TASK MATERIAL -

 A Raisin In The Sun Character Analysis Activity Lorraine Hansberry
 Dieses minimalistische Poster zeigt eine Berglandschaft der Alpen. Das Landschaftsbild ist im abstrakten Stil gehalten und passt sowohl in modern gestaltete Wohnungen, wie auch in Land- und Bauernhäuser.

==

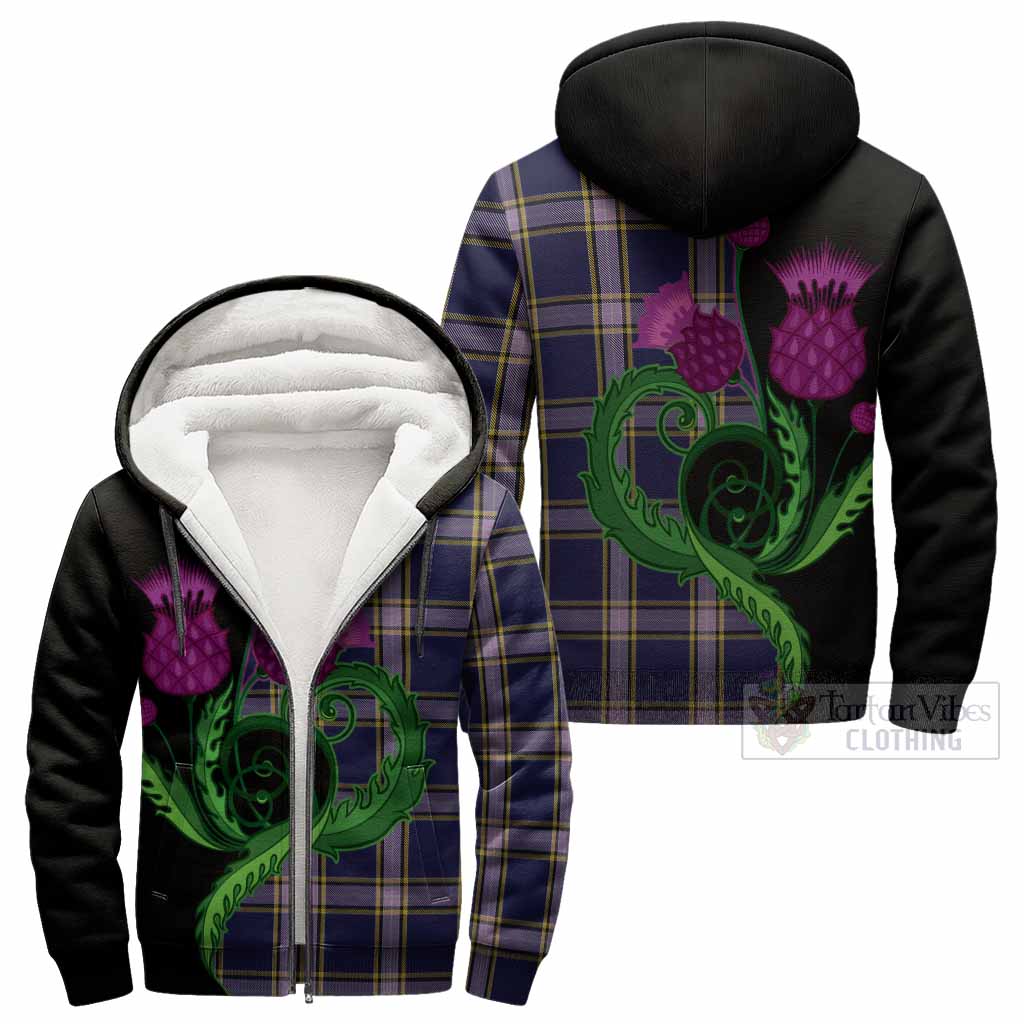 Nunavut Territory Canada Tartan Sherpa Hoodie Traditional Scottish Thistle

--

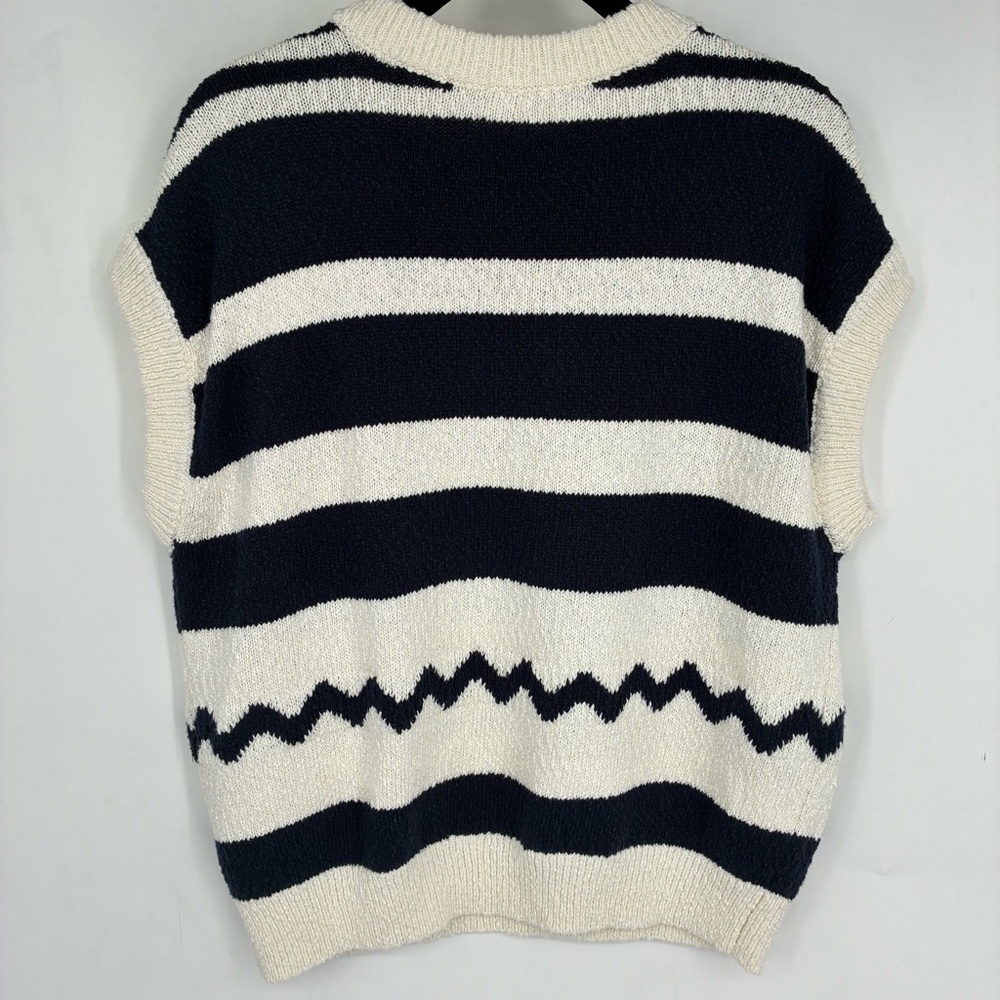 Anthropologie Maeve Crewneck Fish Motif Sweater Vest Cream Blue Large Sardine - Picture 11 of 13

TASK DESCRIPTION -
Output exactly the lines of the material above from the one containing "A Raisin In" up to and including the one containing "Dieses minimalistische Poster".

ANSWER BOX -
 A Raisin In The Sun Character Analysis Activity Lorraine Hansberry
 Dieses minimalistische Poster zeigt eine Berglandschaft der Alpen. Das Landschaftsbild ist im abstrakten Stil gehalten und passt sowohl in modern gestaltete Wohnungen, wie auch in Land- und Bauernhäuser.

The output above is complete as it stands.